Evictions from the private sector are now by far the biggest cause of homelessness in Newham, and homelessness is increasing rapidly. Some 14,611 people are now homeless in Newham, which is one in every 24 residents—the highest rate in the country. I genuinely believe that section 21 is one of the reasons behind the rising rents that have led to such a horrifying level of homelessness in my constituency.
I want to mention one story—I should have taken up the offer from my hon. Friend the Member for Hammersmith and nipped back to the office to get a few more. I want to tell hon. Members about Martin, who lives with his wife and two children in a rental property in Newham. The property had not been properly maintained and is not fit for a family to live in. The bathroom had tiles falling off the walls when they used the shower, and the ceiling was at risk of falling in under the weight of water that was sitting in the plaster. In his son’s bedroom, water streamed down the walls and through the ceiling, damaging the laptop that he needed to do his schoolwork. The landlord promised to act because Martin had repeatedly gone back to him in desperation, but the repairs were never done. Instead, Martin and his family were served with a section 21 eviction notice in August this year. He was given absolutely no reason why the family needed to move.
Martin is still in the property, resisting the eviction, with support from the London Renters Union. I pay tribute to the work that that organisation does in supporting many of my constituents who find themselves in similar situations. The family have been faced with illegal tactics from the landlord. He regularly sends his family members and agents to the house to try to make them leave—they try to bully them into leaving. Frankly, if it had been other constituents of mine who I am in regular contact with, that tactic would have worked by now and I would be arguing with my council over intentionality.
Martin believes, as I do, that this is a revenge eviction. By demanding their right to live in a home fit for human habitation, Martin and his family have simply made themselves more trouble than they were worth. The landlord knows that he can rent the property to someone else, probably for a higher figure, and can just sit it out and wait until they start to complain about the conditions, and then he will go through the same cycle again.
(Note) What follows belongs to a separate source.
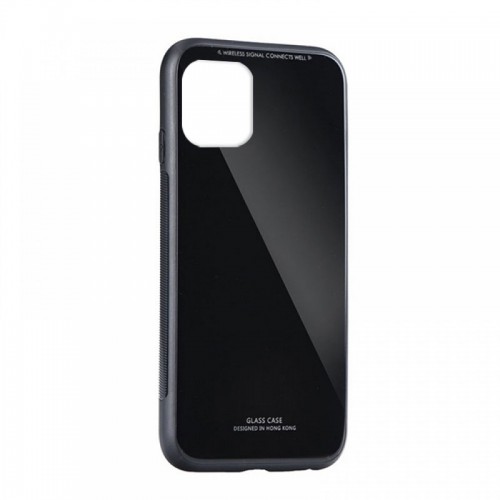Θήκη Forcell Glass Case Back Cover για iPhone 11 Pro Max  (Μαύρο)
It is so distressing for a working family who are on a low income. They have had to fill out a homelessness application to the council. Given their financial circumstances, they may not be able to access any other private accommodation in Newham, because letting agent fees, deposits and rents are quite simply extortionate. Vulnerable and poor families are paying the price for a housing system that unfairly empowers landlords to carry out no-fault evictions. Our councils and our council tax payers are paying the price too. We desperately need to bring homelessness down and improve housing conditions in the private rented sector. For that to happen, section 21 just has to go.